Background
Transfer of tribunal functions
21.It is intended that the new tribunals will exercise the jurisdictions currently exercised by the tribunals listed in Parts 1 to 4 of Schedule 6, which constitute most of the tribunal jurisdictions administered by central government. The Government’s policy is that in the future, when a new tribunal jurisdiction is required to deal with a right of review or appeal, that right of appeal or review will be to these new tribunals.
22.Some tribunals have been excluded from the new structures because of their specialist nature. Tribunals run by local government have for now been excluded, as their funding and sponsorship arrangements are sufficiently different to merit a separate review.

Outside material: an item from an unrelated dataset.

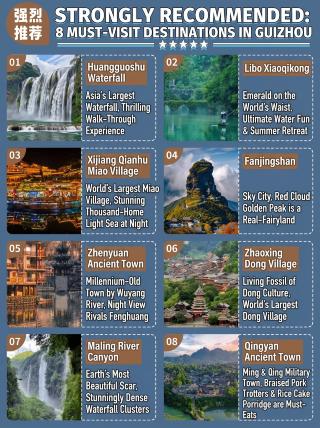Guizhou hidden gems | 8 must-visit destinations in a lifetime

23.There are also tribunals that will share a common administration, and the leadership of the Senior President of Tribunals, but whose jurisdictions will not be transferred to the new tribunals. They are the AIT, the employment tribunals and the Employment Appeal Tribunal. The AIT has a unique single-tier structure (as prescribed by the Nationality, Immigration and Asylum Act 2002, as amended by the Asylum and Immigration (Treatment of Claimants etc) Act 2004) which would not fit into the new structure established by the Act. The employment tribunals and the Employment Appeal Tribunal are excluded because of the nature of the cases that come before them, which involve one party against another, unlike most other tribunals which hear appeals from citizens against decisions of the State.